Khorasan leader a skilled al Qaeda fighter, fundraiser
In the days leading up to September 11, 2001, only a handful of al Qaeda operatives outside of Osama bin Laden knew about the impending attacks on the United States.
One of them was named Muhsin al-Fadhli, a 20-year-old from Kuwait who U.S. officials said was a close confidant of the terror network's notorious leader.
Now 13 years later, al-Fadhli has emerged as the leader of Khorasan, a group of al Qaeda veterans that was nearing "the execution phase of an attack either in Europe" or the U.S., according to the Pentagon.
That is why, on the same night that U.S. and Arab allies carried out more than 200 airstrikes against ISIS, the U.S. alone launched strikes against eight Khorasan targets in northwestern Syria, Pentagon officials said.
CBS News correspondent Bob Orr reports that on Twitter, jihadis are claiming that al-Fadhli died in the bombings but officials could not confirm who may have been killed. The State Department offered a $7 million bounty for information leading to al-Fadhli, who is on the U.S. list of most wanted terrorists.
Katherine Zimmerman, a senior analyst at American Enterprise Institute and expert on al Qaeda, says al-Fadhli was a seasoned fighter who rose quickly through the terror network's ranks; by 2011, he was heading up al-Qaeda's Iran-based network.
"He is what I consider to be a core al Qaeda member," Zimmerman told CBS News. "He was within that inner circle."

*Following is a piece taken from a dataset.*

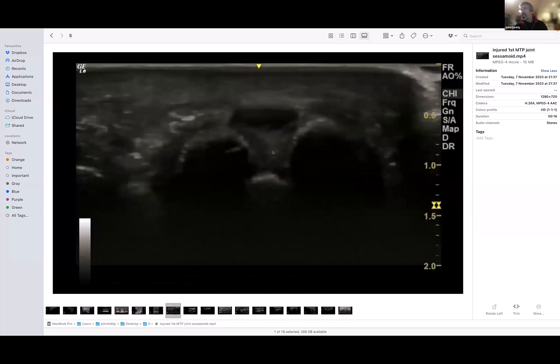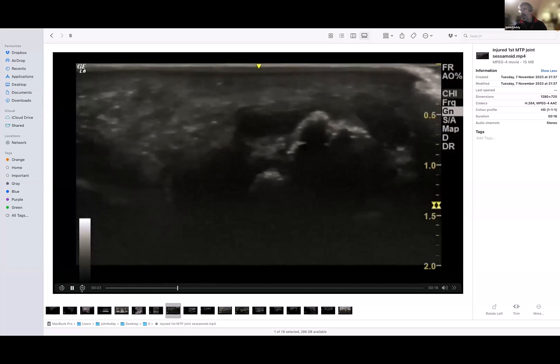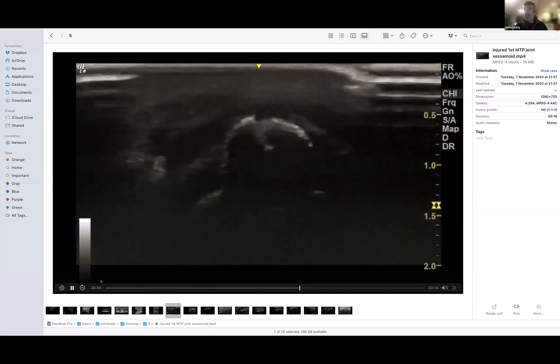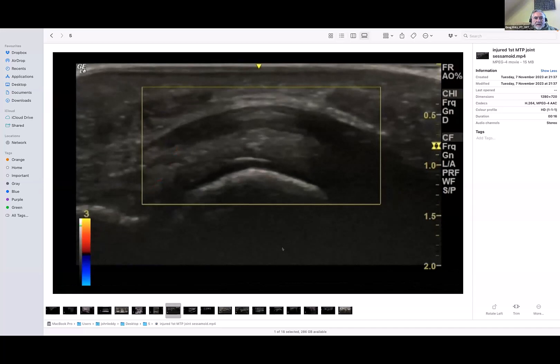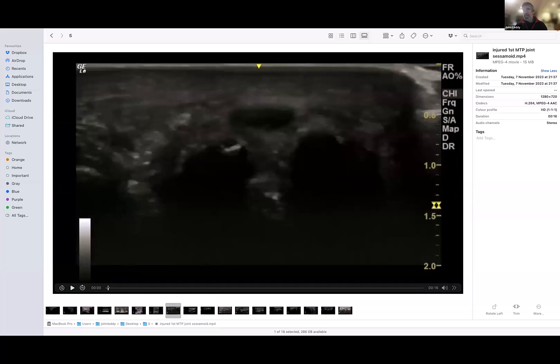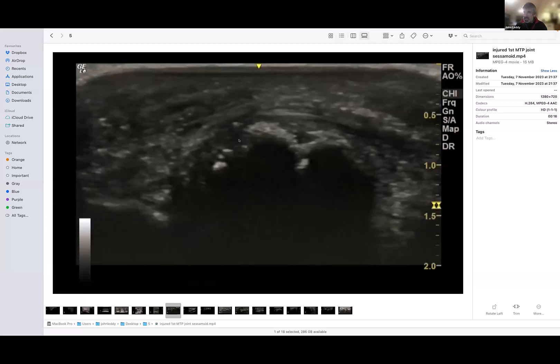Great toe — sesamoid. Abnormal sesamoids are really common; I have one, and they often look like this. It's not something you can reliably call on ultrasound because so many have a fractured appearance anyway. This one had been struck and often they have a bifid appearance — so up to a point it could be normal, but this is not.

According to the United Nations, al-Fadhli has proven to be a skilled fundraiser for terrorist operations and had strong ties to al-Qaeda leader Abu Musab al-Zarqawi.
"He was the bodyguard and second-in-command for a leader in the al Qaeda network and fought for al-Qaeda in the north of Afghanistan," the U.N. reported. "Al-Fadhli also fought against Russian forces in Chechnya, where he trained in the use of firearms, anticraft guns and explosives. Al-Fadhli was a facilitator connected with the al-Zarqawi groups in Iraq, providing support to fighters there."

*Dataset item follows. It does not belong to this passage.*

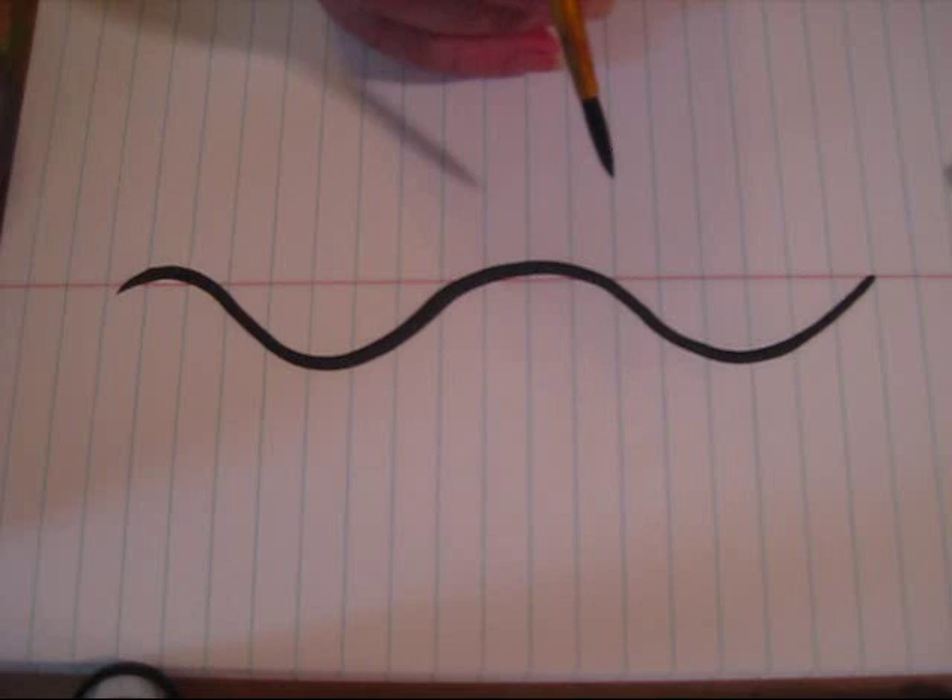When you're doing your tribal design, the first thing you're going to want to do is figure out the shape of the design that you want to make. I'm just going to be doing a basic shape here — it's really basic. It's just swoop up, swoop down, swoop up, swoop down. I'm actually doing this upside down, so it might be swoop down, swoop up, swoop down, swoop up for you. But this is the basic shape for all of my tribal designs.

Al-Fadhli has kept a relatively low profile recently but the group he leads has long been on the U.S. radar. Officials told CBS News that Khorasan has a mandate directly from al Qaeda's central command in Pakistan, sent into Syria with bomb-making experts from the terror network's affiliate in Yemen, to try and plot attacks against the U.S. and Western allies.
According to the State Department, al-Fadhli was convicted in 2003 and sentenced to five years in prison for providing funding for terrorist activities and military training in Afghanistan. In 2005, Saudi authorities placed him on their list of wanted terrorists in connection with a series of al Qaeda attacks in that country. That same year, the U.S. sanctioned al-Fadhli, designating him as someone who supports terrorists or terrorist acts.
In 2012, the U.S. accused al-Fadhli of tapping his network of Kuwaiti jihadist donors to move fighters and money through Turkey to support al-Qaeda-affiliated militants in Syria. The State Department also said he was "believed likely to continue moving experienced al Qaeda operatives to reinforce and gain influence" in Europe, North Africa, and Syria.